| What the task asks |
Beginning with the first line below, output every record verbatim and leave out the images.

Extracted records:
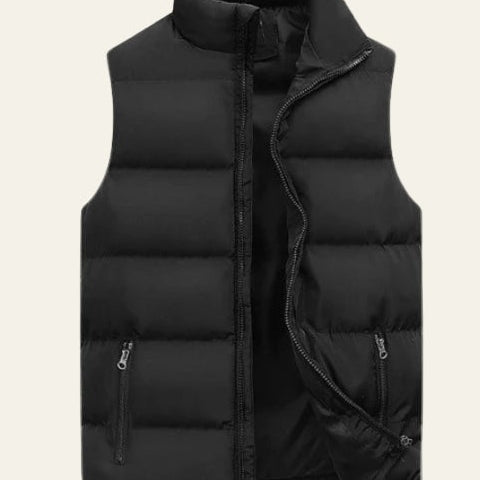 Aurazio Gilet Imbottito Termico Leggero da uomo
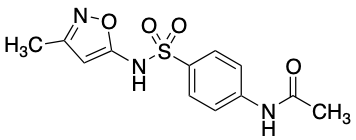 药物标准品N-Acetyl Isosulfamethoxazole - TRC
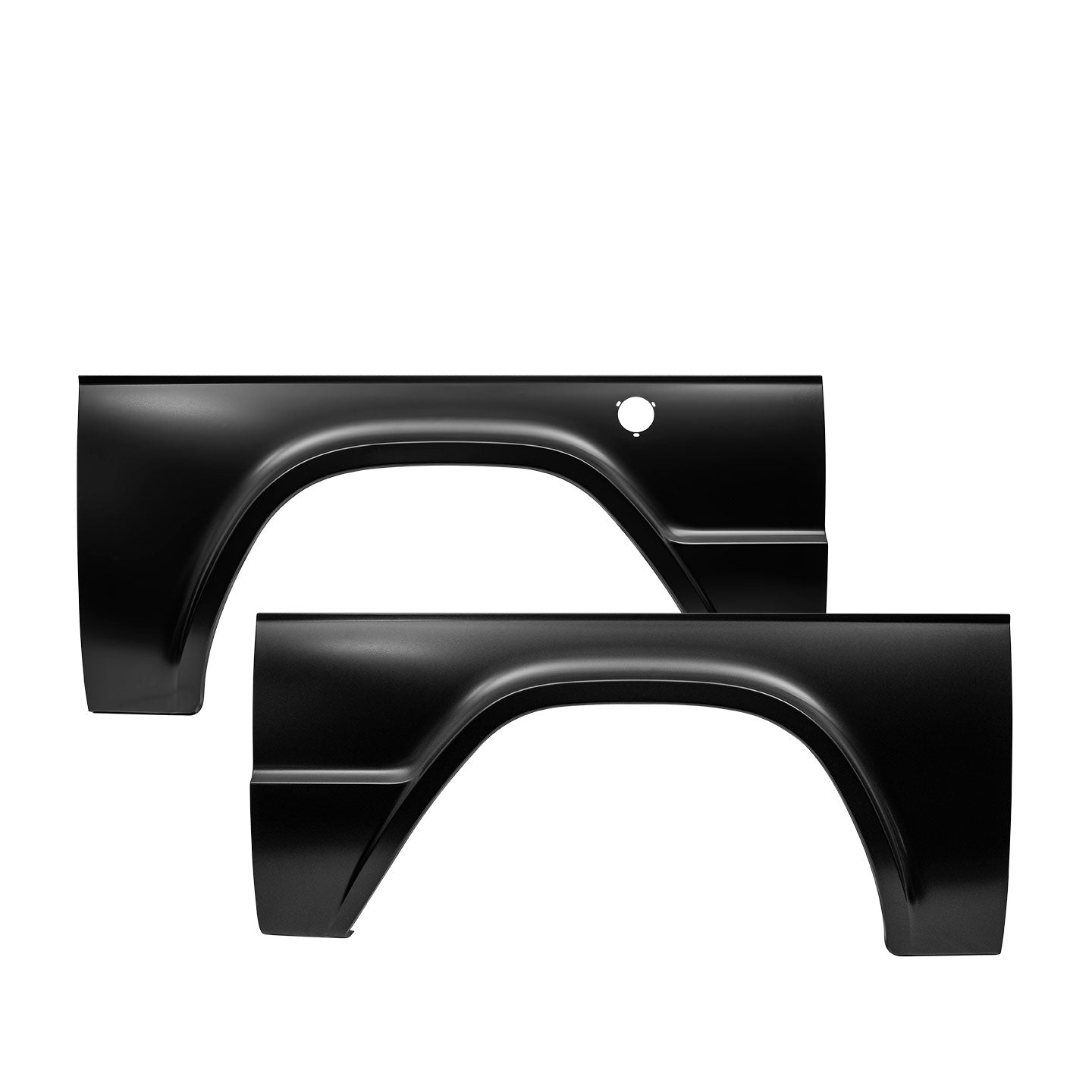 Steel Body Parts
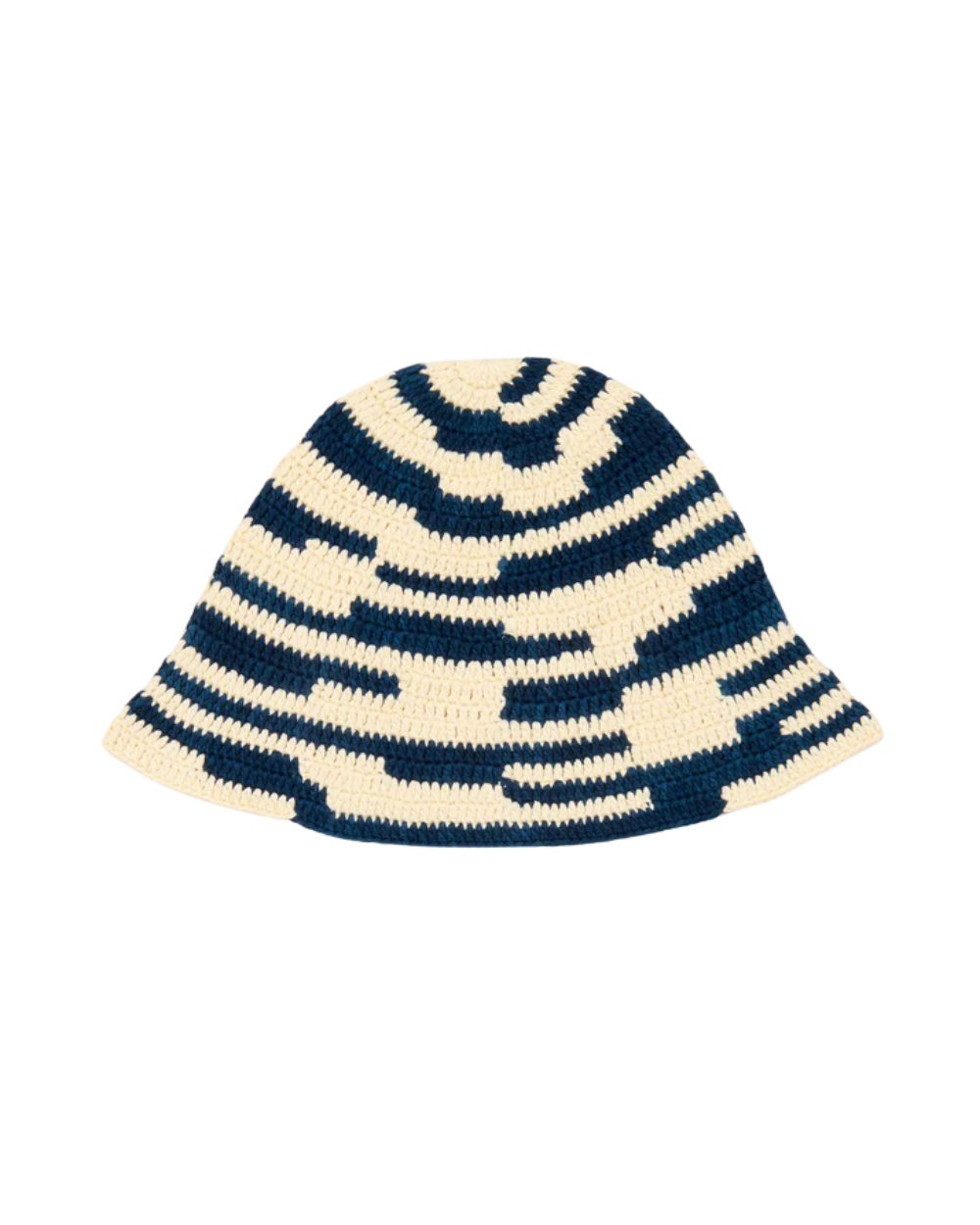 Crochet Beach Hat - Celestial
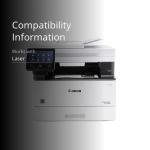 Canon imageCLASS MF462dw Wireless Monochrome Laser Printer
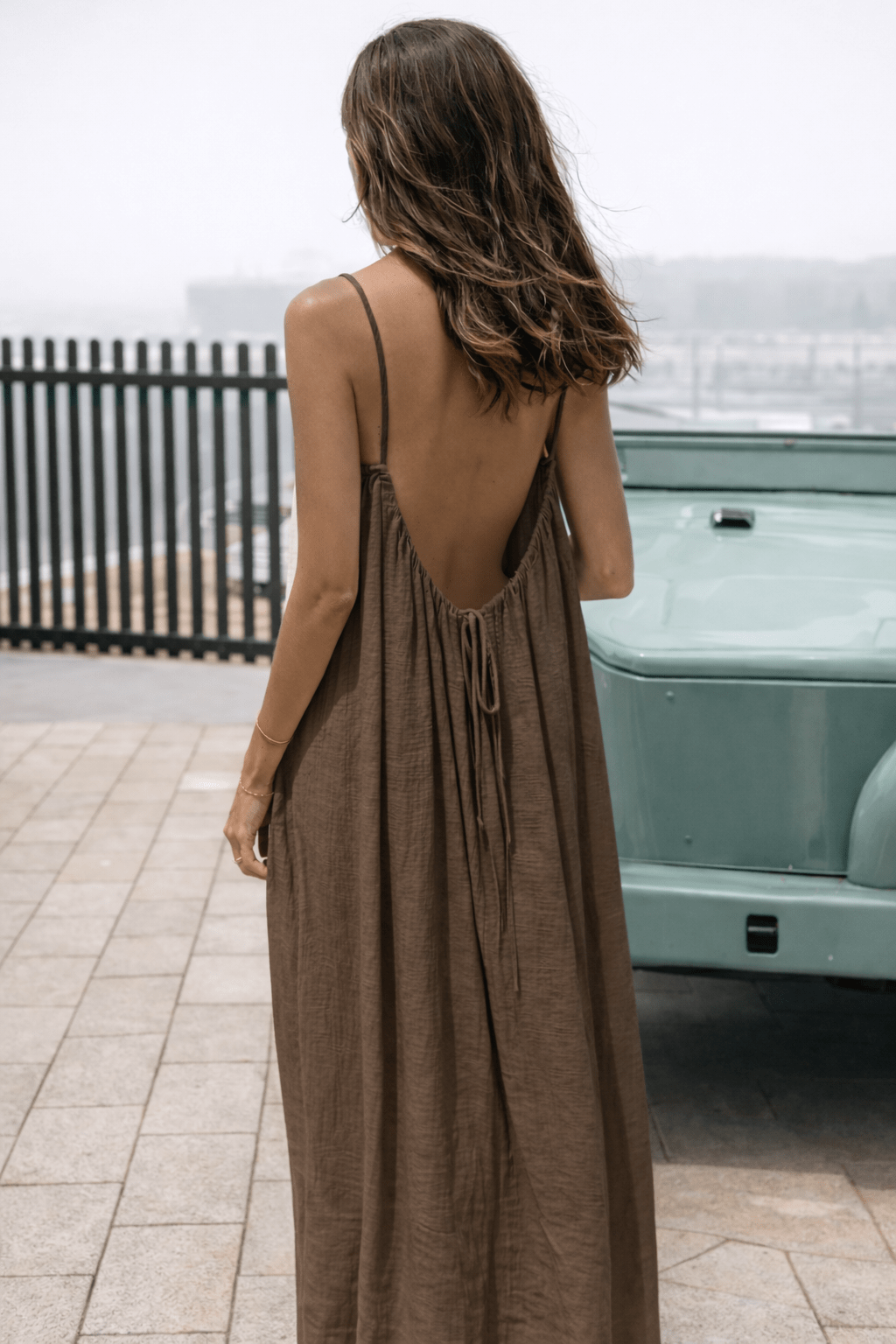 Isabella | Vestido Largo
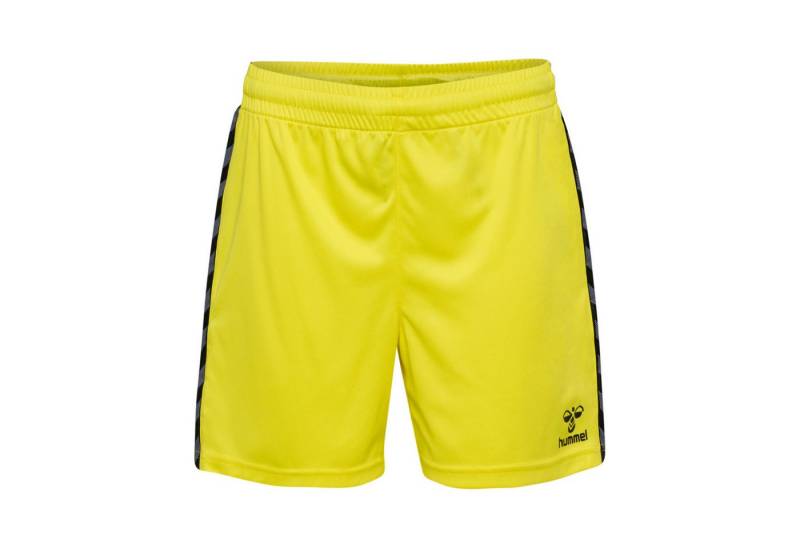 hummel Trainingsshorts Hummel Kinder Short hmlAuthentic PL Shorts Kids 219971 von hummel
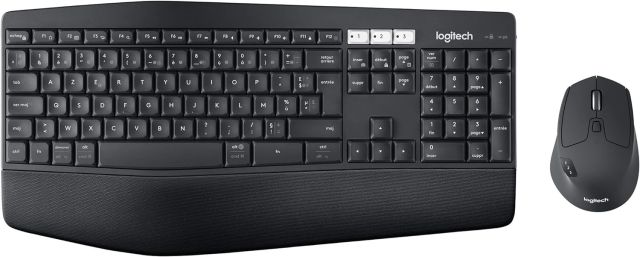 Kit Clavier Souris Logitech -  MK850 - Sans Fil 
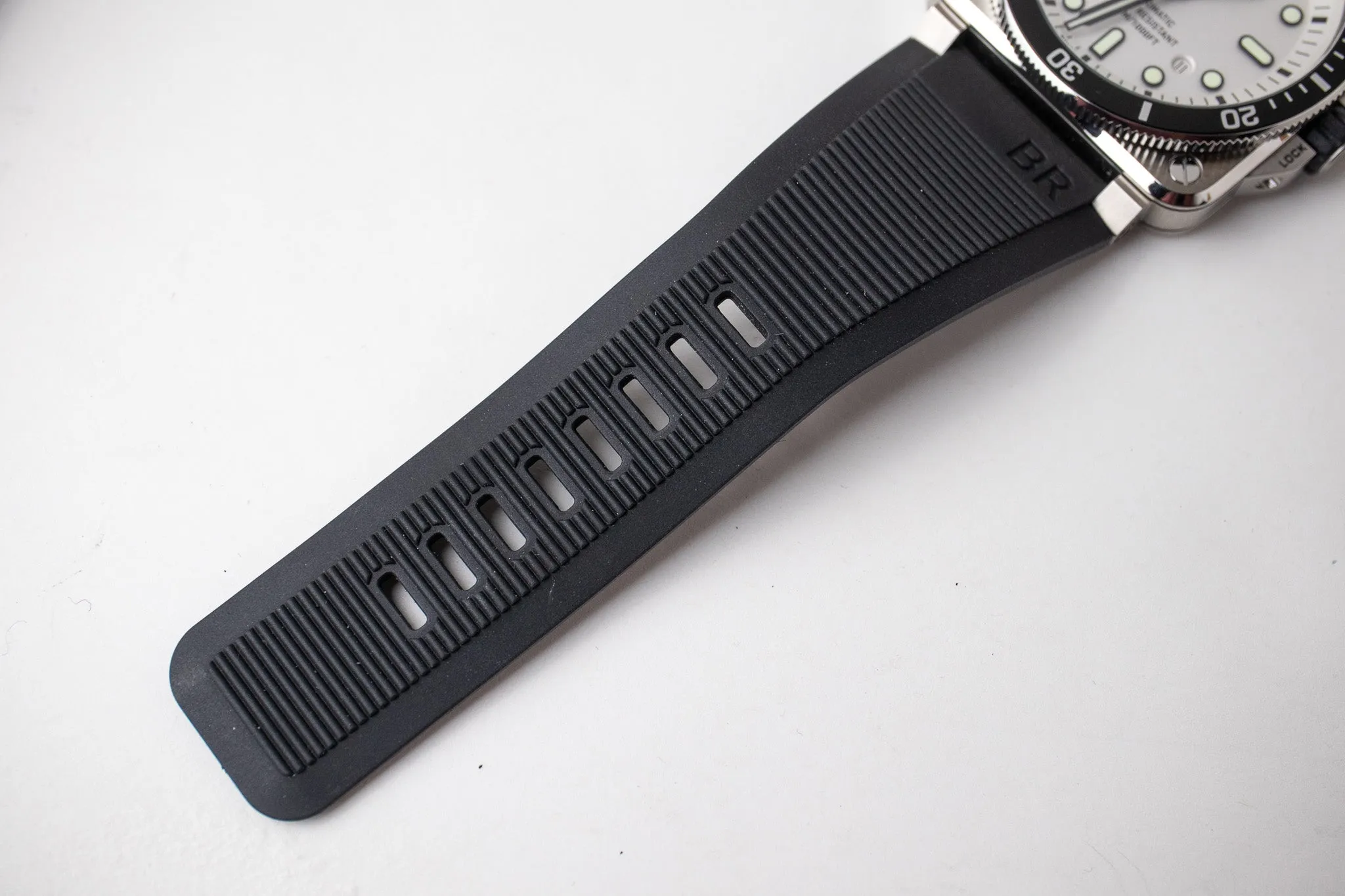 Bell & Ross BR 03-92 Diver White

| Your response |
 Aurazio Gilet Imbottito Termico Leggero da uomo
 药物标准品N-Acetyl Isosulfamethoxazole - TRC
 Steel Body Parts
 Crochet Beach Hat - Celestial
 Canon imageCLASS MF462dw Wireless Monochrome Laser Printer
 Isabella | Vestido Largo
 hummel Trainingsshorts Hummel Kinder Short hmlAuthentic PL Shorts Kids 219971 von hummel
 Kit Clavier Souris Logitech -  MK850 - Sans Fil 
 Bell & Ross BR 03-92 Diver White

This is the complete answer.